Hello,
Sorry Adam, I'm going to argue for the opposite position on both questions ;-)
I don't think it's a good idea for add urls.py to startapp for three reasons:
a. Even though Django's built-in boilerplates (startprojet and startapp) are fairly minimal, I've seen many projets with the dummy models, admin or tests module committed in a bunch of apps, creating noise. More files will make that problem worse. (I'll admit I'm not a huge fan of boilerplates in general.)
b. Some developers like giving each app its own URL space. Others prefer keeping all URLs in a central location. Small projects can stick with the simplest thing that works and a central URLconf does the job up to a few dozen routes. Large projects, by the time they become large, have had the time to understand the tradeoffs and figure out what structure works best for them. I think startapp is most useful to people with little Django experience and splitting urls.py is a premature optimization for them.
c. Unlike admin.py which is autodiscovered, urls.py won't do anything until it's referenced from the main URLconf. It would be misleading to add a module that doesn't work.

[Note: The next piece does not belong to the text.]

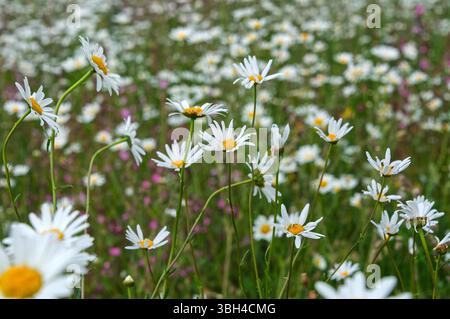 Campo di Daisies in fiore in un lussureggiante prato Foto Stock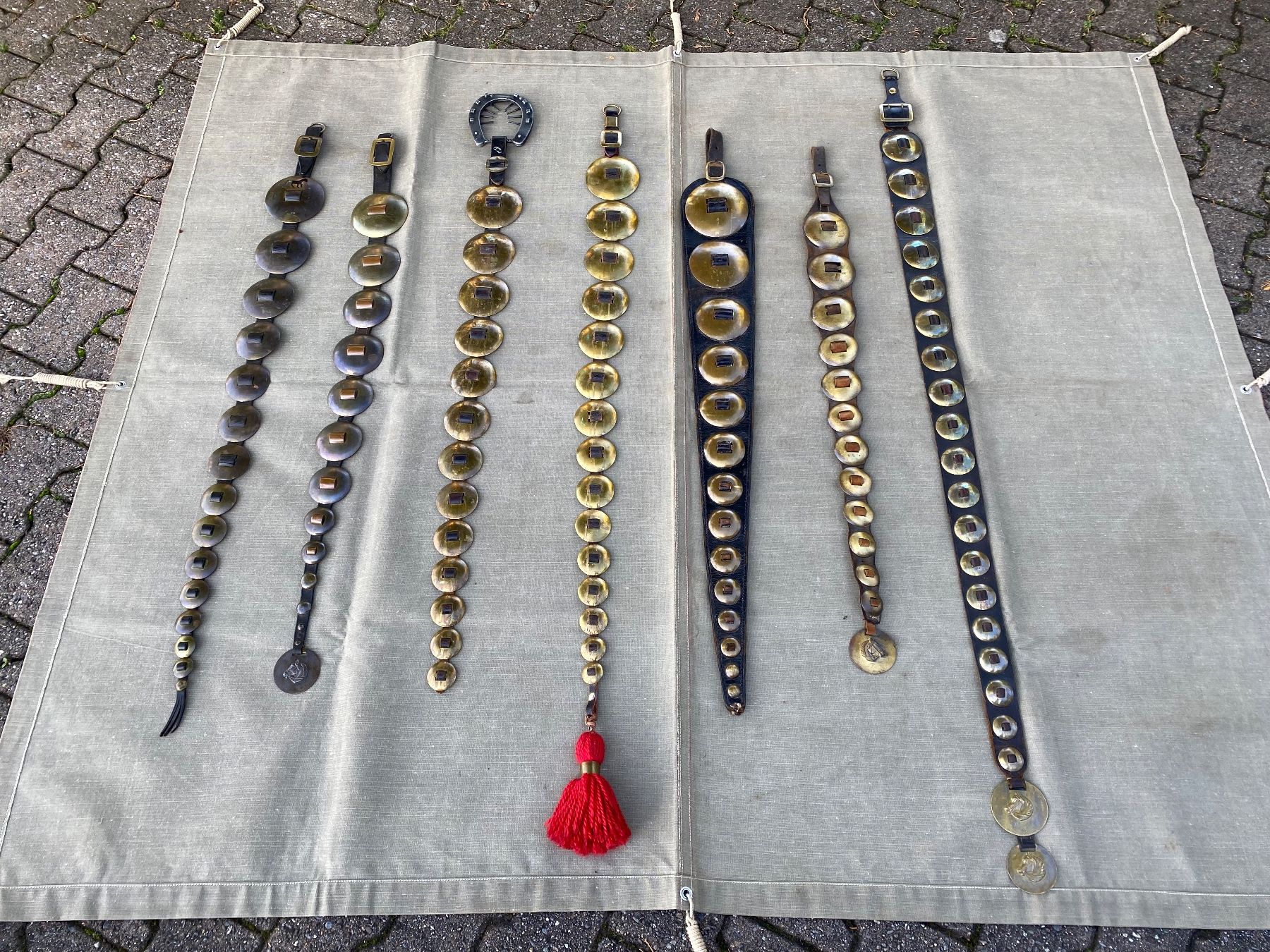 Campanacci mucche: 7 schöne Staatsriemen – Usato da Feldbach venduto da Fea1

I think the potential for confusion may outweigh the usefulness.
Regarding the target directory of startproject, I'm in favor of the proposal. Here's the background:
The default behavior keeps biting me, even though I no longer qualify myself as a Django newbie, and I'm not the only one who finds it surprising. Unix commands operate in the current directory unless told otherwise: example: `ls` vs. `ls path/to/directory`.
Certainly files can be moved around after the fact — I do it every time — but this doesn't excuse the counter-intuitive API. I don't have the energy to argue for breaking backwards-compatibility here. But I'm strongly in favour of acknowledging this bug in the documentation (I haven't checked what it looks like currently).